Neulich bin ich mit dem Zug nach Weimar gefahren. Gleich morgens im Hamburger Hauptbahnhof verschob sich die Abfahrt um eine halbe Stunde, „wegen verspäteter Bereitstellung des Zuges“, so die Durchsage. Keine Ahnung, was sich hinter dieser Formel verbirgt. Vielleicht gibt es in Altona irgendwelche Riesen, die morgens die Wagen auf die Gleise stellen, und wenn die keine Lust haben, kann man natürlich nichts machen. Außerdem waren die Riesen unkonzentriert, jedenfalls verkehrte der Zug „in geänderter Wagenreihenfolge“, so dass sich erst mal zwei gegenläufige Karawanen über den Bahnsteig schoben.

Immerhin, bis Hannover hatte der Zug zehn Minuten aufgeholt – blieb dort allerdings überraschend lange im Bahnhof stehen.

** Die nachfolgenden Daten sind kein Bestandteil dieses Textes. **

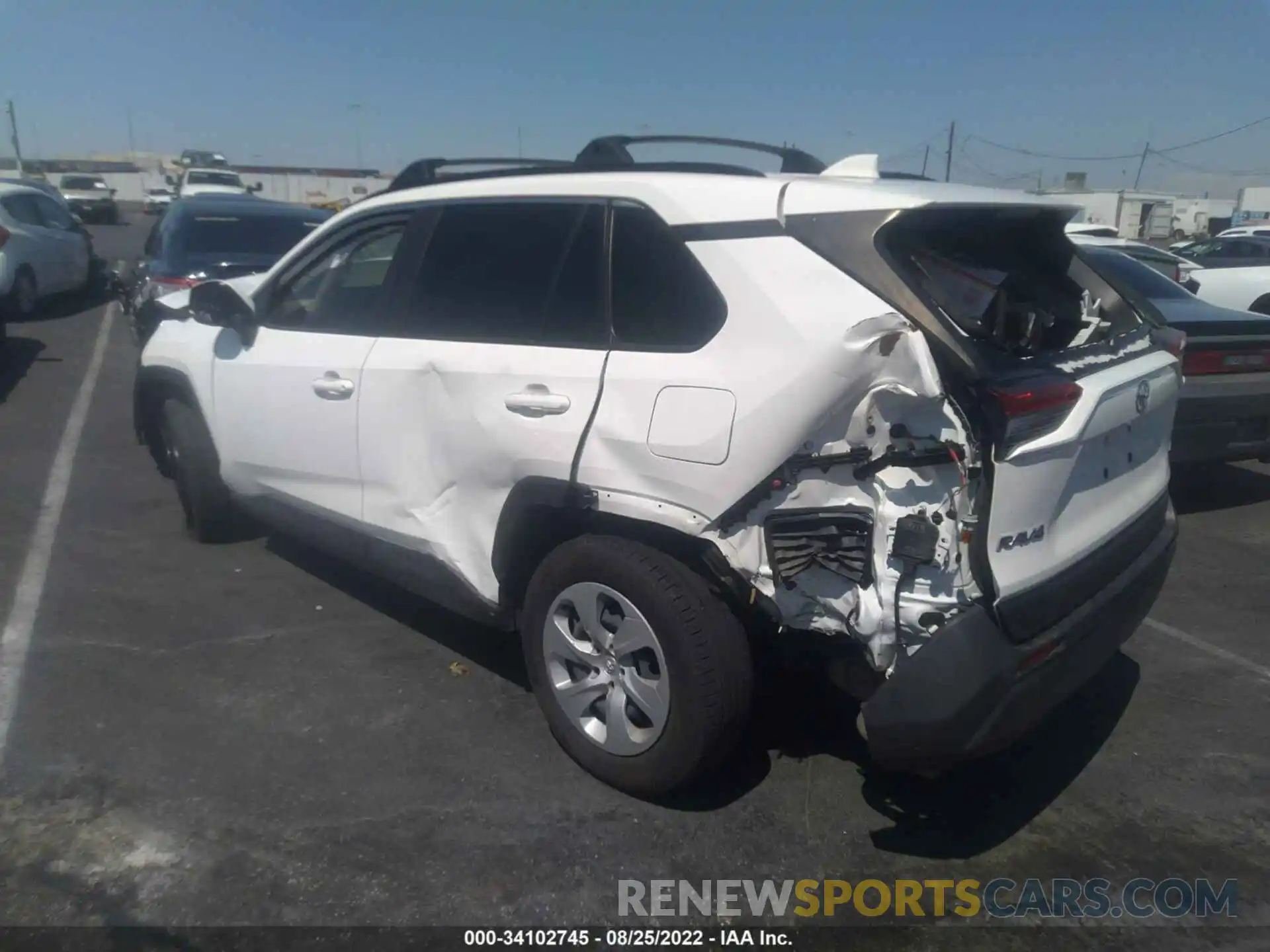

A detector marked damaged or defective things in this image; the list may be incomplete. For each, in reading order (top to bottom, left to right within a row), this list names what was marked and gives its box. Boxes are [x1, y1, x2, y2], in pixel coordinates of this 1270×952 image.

Man warte auf „verspätet ankommende Anschlussreisende“, sagte eine Stimme. Man kann es mit der Rücksichtnahme auch übertreiben. Es war also, was wir glücklich gewonnen hatten, mit vollen Händen wieder verschenkt und ging hurtig Richtung Göttingen weiter. Mein eigener Anschlusszug dort war nicht mehr zu erreichen, so dass mir die Schaffnerin empfahl, einfach sitzen zu bleiben und einen Zacken nach Süden zu fahren, über Fulda. Von dort, so ihre Auskunft, gingen stündlich Züge nach Weimar, mit Glück werde ich den nächsten noch knapp erreichen.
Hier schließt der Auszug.